The Not Quite Adventures of a Professional Archaeologist and Aspiring Curmudgeon

Friday, February 4, 2011

How Not to Object to Archaeologists

When I was in graduate school, I was treated to numerous tirades about how archaeology was "simply a continuation of colonialism" and "the Chumash* don't want archaeologists working here!" I heard these tirades not from one of the Native Californians with whom I was routinely working by that point, but from one of the ethnography grad students, herself from Hawaii and not California. There were a number of weird ironies involved in these sessions, all due to the identity of the person trying to tell us archaeologists off - she had (by her own admission) not bothered to actually ask any Chumash people what they felt about archaeologists, and she was a Mormon.

Okay, the last point, her religion, first. Whether you agree, disagree, or are indifferent towards the Mormon church, the fact remains that missionary activities are one of the clear remnants of pre-20th century European colonialism, and the Mormon church is dedicated to such missionary activities. So, the fact that she felt inclined to lecture us about our "colonial attitudes" while maintaining membership in a group which was unquestionably engaged in clear colonial activities often left me feeling as if I was a kettle being ranted at by a pot.

As to the matter of how the Chumash (and anyone else whose ancestors we dirty archaeologists were studying) felt, her rationale seemed to be that she was speaking for those whose voices could not be heard, which sounds noble until you consider that there were several Chumash organizations which had varying degrees of social and political influence within the community (all of them louder and more influential than the voice of a graduate student), so she wasn't actually giving them a voice, they already had a voice louder than hers.

On occasion, the matter would be framed differently, and she would point out that archaeologists were studying the pasts of people whose descendants would have to live with the consequences of the archaeologists' findings. The point got overstated somewhat, but it is essentially valid, and is something that archaeologists need to be aware of and need to consider as part of our professional ethics. However, I only ever saw her point this out regarding archaeologists, when ethnographers, such as herself, face a similar issue. So, again, pot, kettle, you get it. However, perhaps I am being unfair here - I wasn't in the ethnography seminar classes, and maybe she brought it up there. Also, again, the whole Mormon thing...when you are a member of a group that makes shit up about other people's pasts and then you lecture archaeologists about their "stealing" of other people's pasts, well, you just lack credibility.

And then there's the matter of not actually bothering to ask any Chumash people about their opinions of archaeologists before speaking for them. Talk about hubris. Now, to be certain, there are Chumash people who dislike archaeologists because of past (and some ongoing) wrongdoings on the part of research archaeologists and a small number of corrupt CRM archaeologists. Their objections to us tend to be more specific and detailed than the grad student seemed to grasp, but there are those who dislike us. There are those who dislike specific archaeologists, but have no problem with the rest of us. There are those who dislike research archaeologists (which they view of meddlesome or demeaning) but like CRM archaeologists because we tend to focus on protecting sites, only doing large-scale excavation when a site is likely to be destroyed. There are also those who actually like us, and who have themselves gotten involved in archaeology. Then, of course, there are many who are indifferent to archaeologists. The point is that the Chumash are a large group, and as with any large group they are not a monolithic whole, but many individuals with many different opinions.

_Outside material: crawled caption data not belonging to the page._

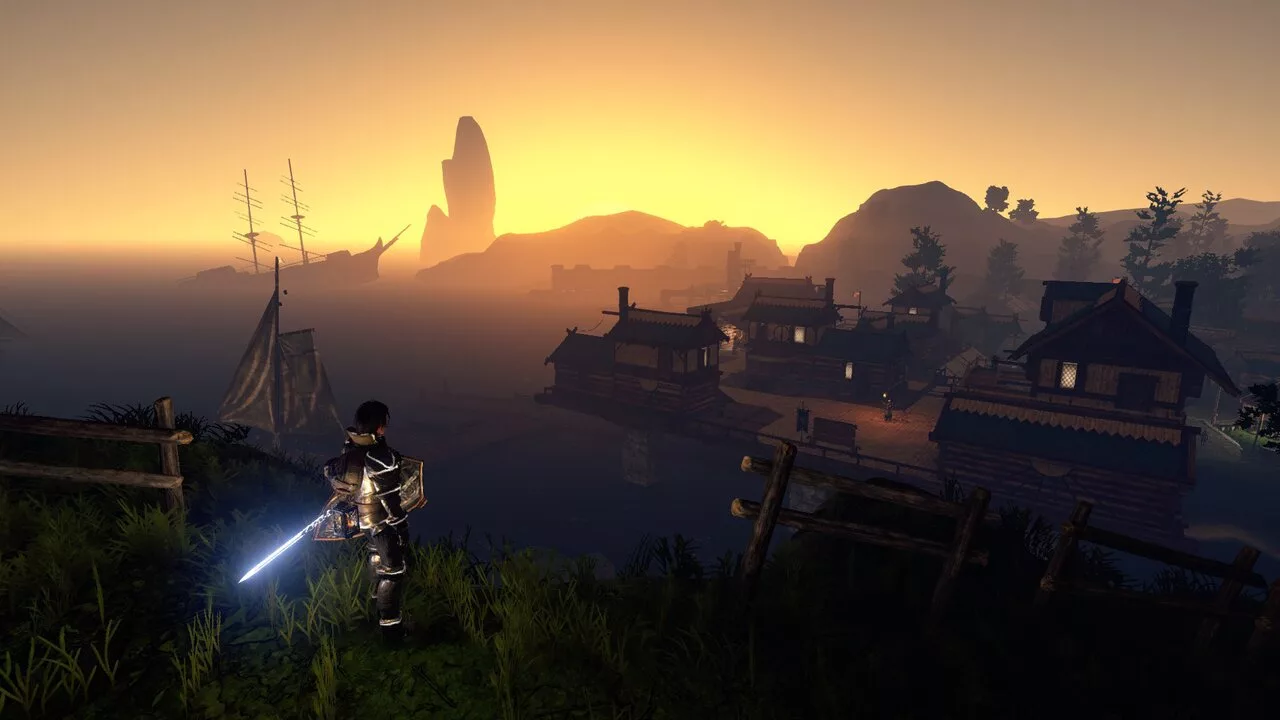 Ключ Outward Definitive Edition для Xbox One и Series X|S
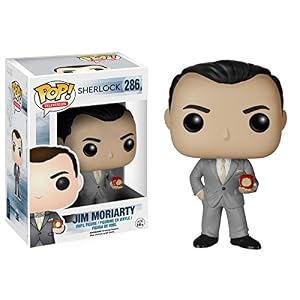 Funko Jim Moriarty (Sherlock 286) - Imagen 3
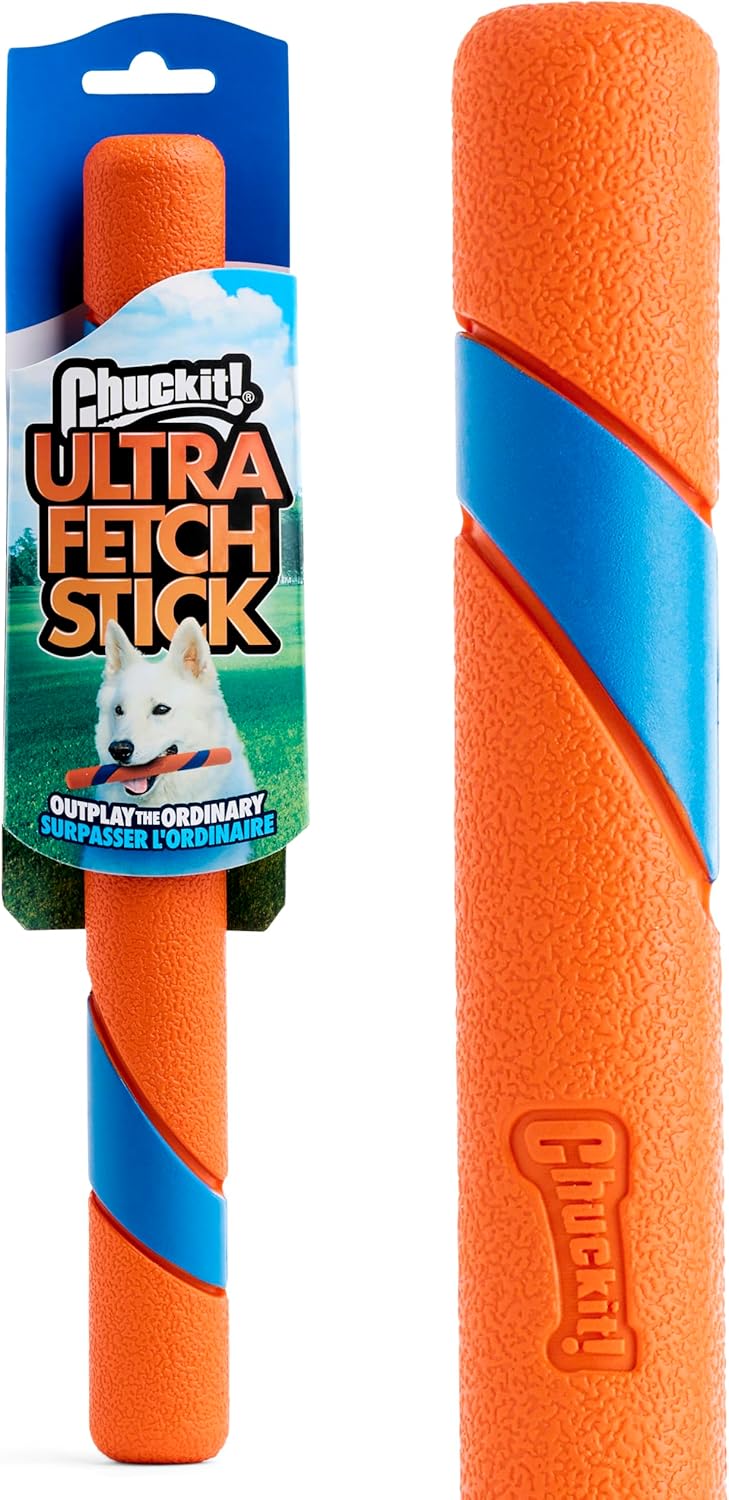 Chuckit! Ultra Fetch Stick Dog Toy - One Size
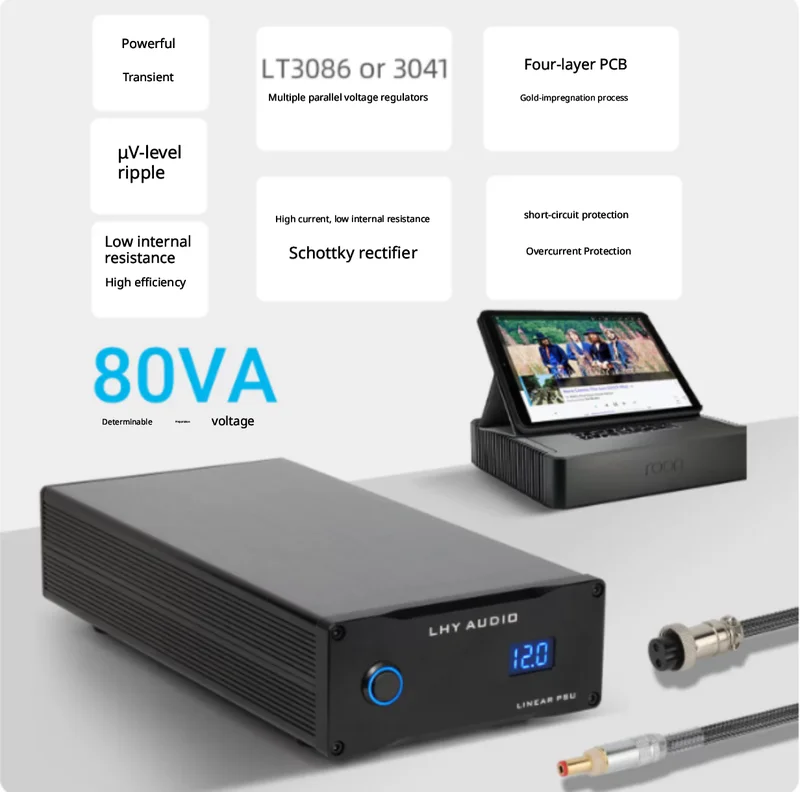 Линейный стабилизированный бло – обзор и цена Dc Power Supply 12V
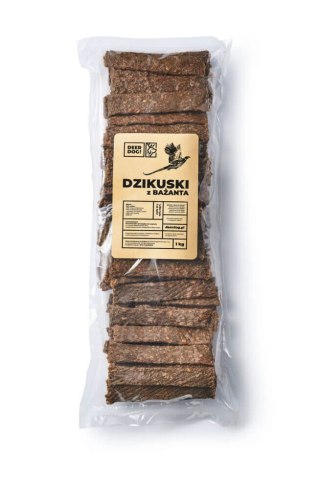 Deer Dog gryzak dzikuski z bażanta 1kg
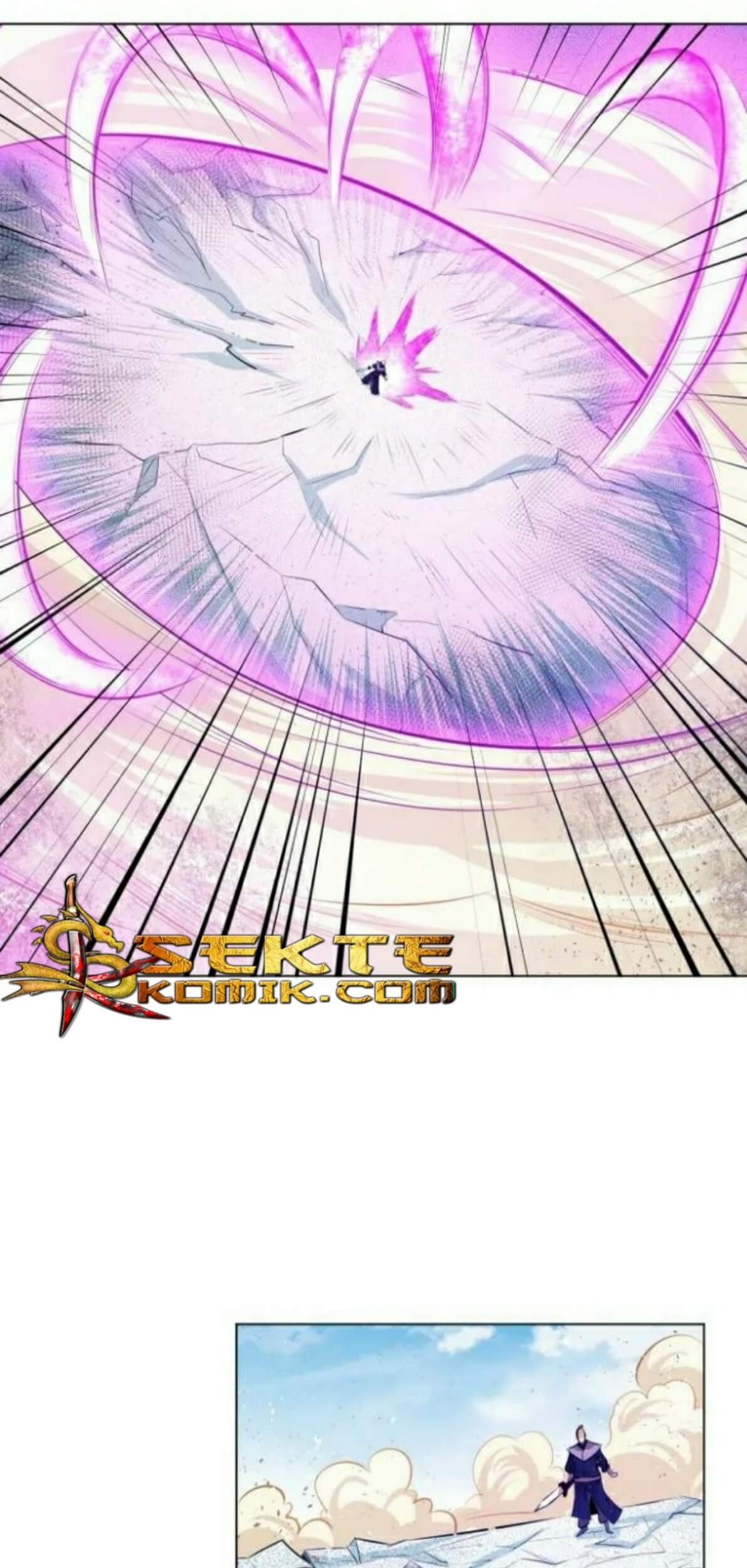 Return of The Avenger Chapter 16 Gambar 22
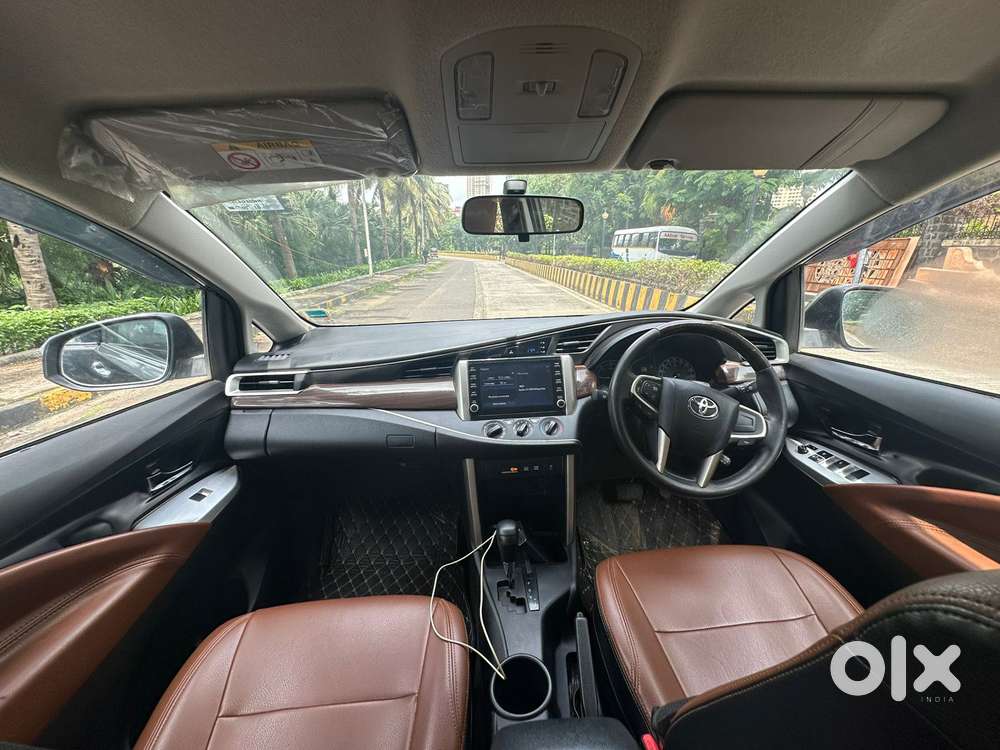 Toyota Innova Crysta 2.4 Gx Limited Edition At 7 Str, 2021, Diesel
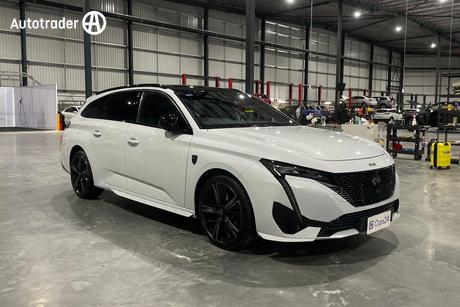 2024 Peugeot 308 Gt Premium P52 My23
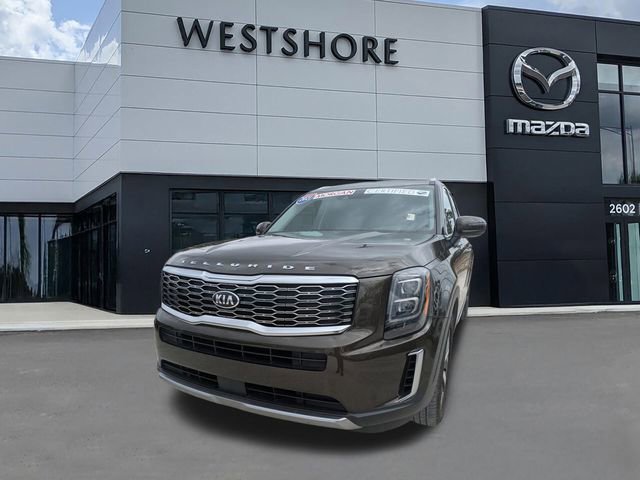 Used 2021 Kia Telluride EX w/ EX Premium Package image 6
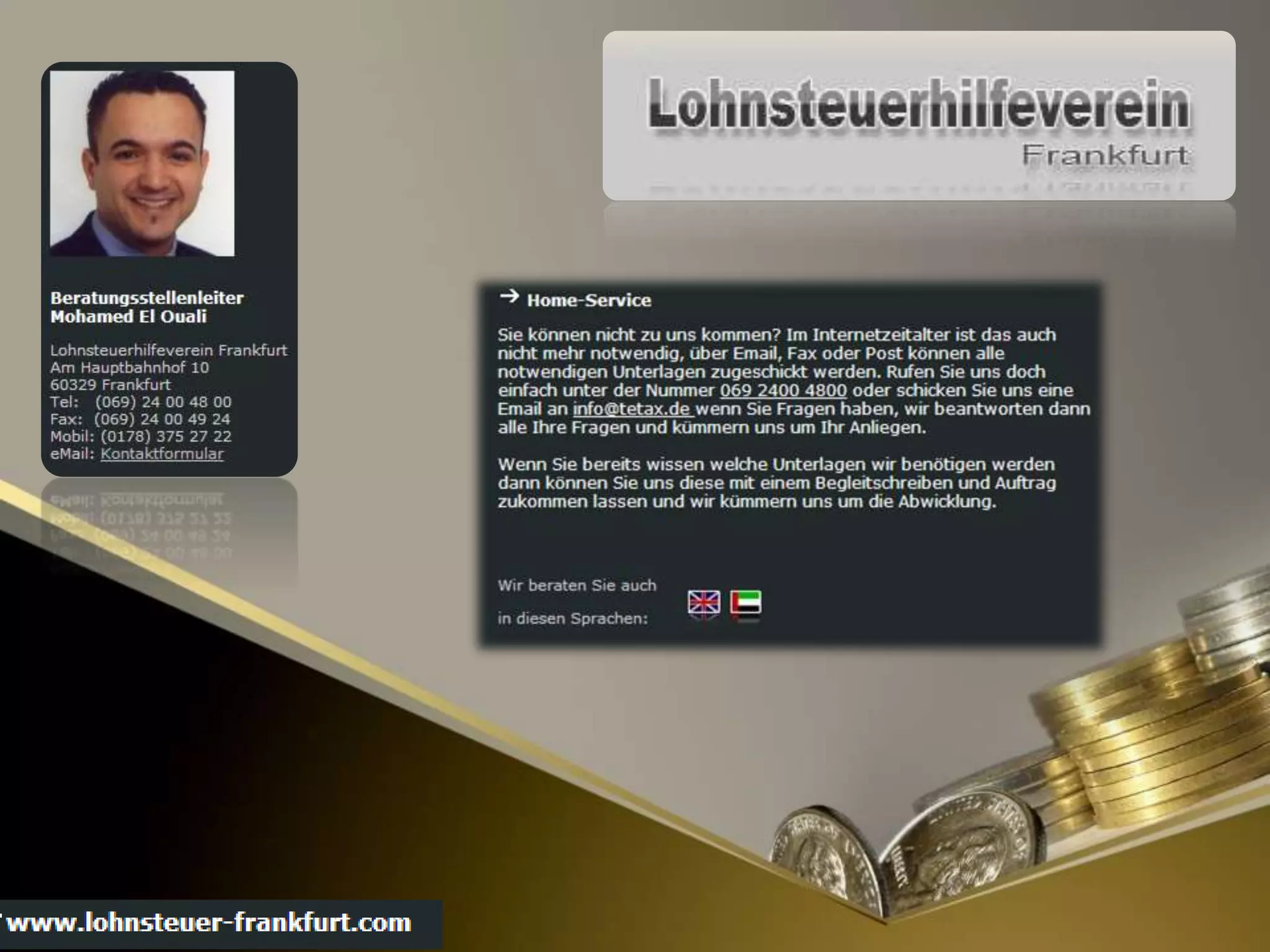 Lohnsteuerhilfeverein In Der Nähe Jetzt Geöffnet Lohnsteuer hilfe verein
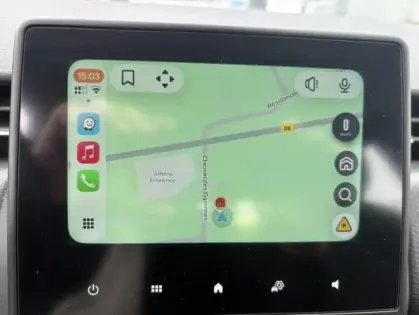 Photo 12 Renault Clio Gén. V (BJA) Ph1 Business 5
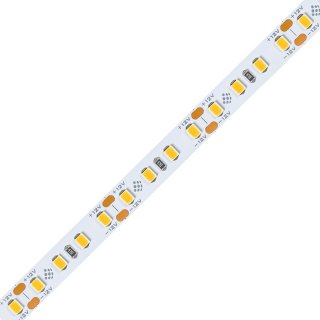 LED Streifen-Weiß 12V | IP20 | 8W | 128LED | CRI90+ | Premium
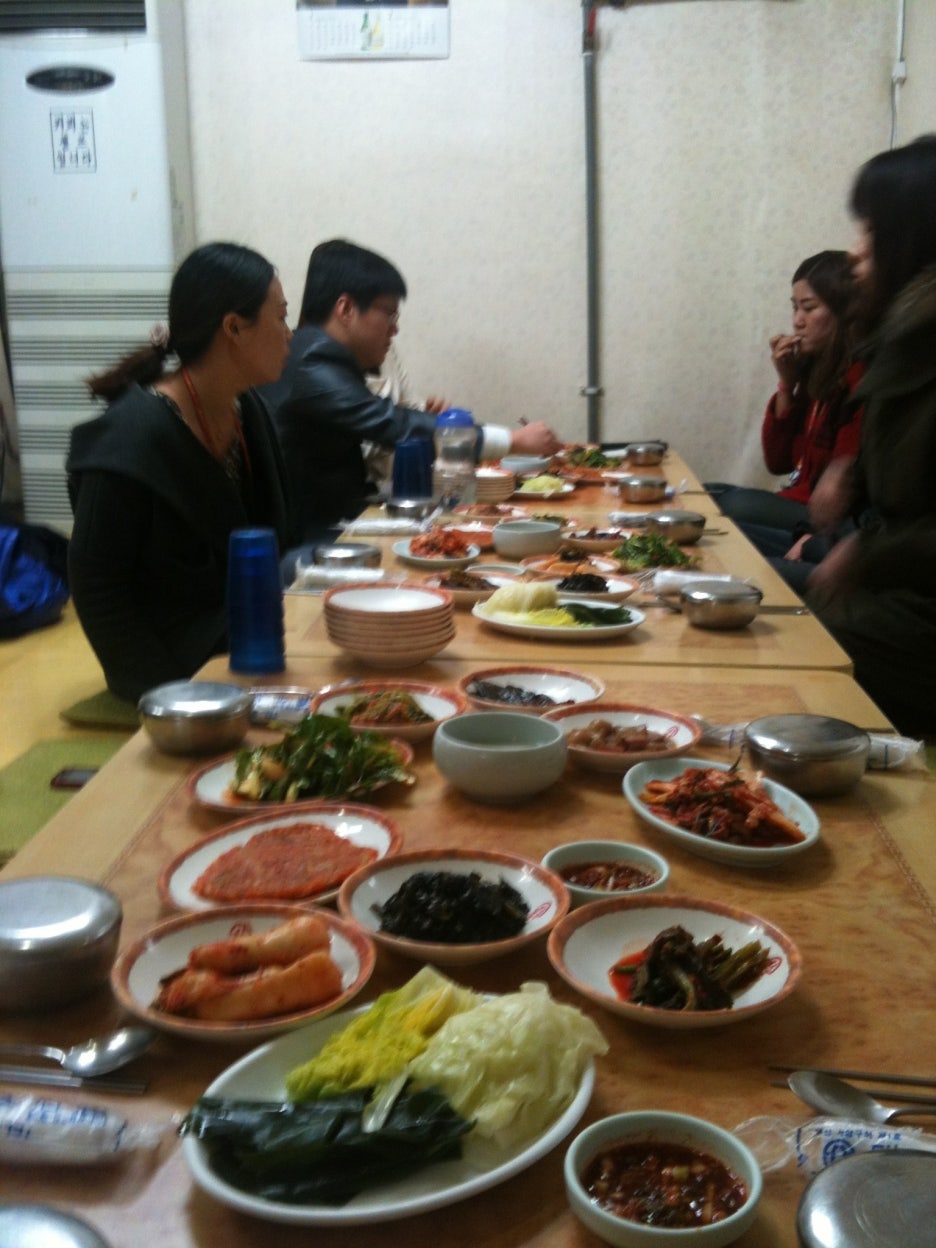 송림시골밥상 이미지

The reason that I bring this mess from graduate school up is because, while this grad student seemed to hold these dubious attitudes in a particularly concentrated form, I run into them time and again. While I have to deal with creationism social/political right, amongst portions of the political left there is a tendency to accuse archaeologists of malfeasance towards Native Americans, all of it couched in a stereotype of what Native Americans want, almost never informed by any actual discussion with Native Americans themselves. There is this weird tendency for people to accuse those who do my type of work of racism, all the while using arguments grown out of the racist assumption that all members of an ethnic group share a particular view.

I suppose, what I am getting at, is that if you hold a particular view of archaeology on the part of a group to which you don't belong, it is both hypocritical and presumptuous to not actually bother to find out how widespread the view is amongst that group, and why that view is held. There are valid criticisms regarding how archaeologists have treated (and in many quarters, continue to treat) Native Americans. But, if you are going to object to us, at least do so based on information and not assumption,

*My research focus was Chumash archaeology in the Santa Barbara County area.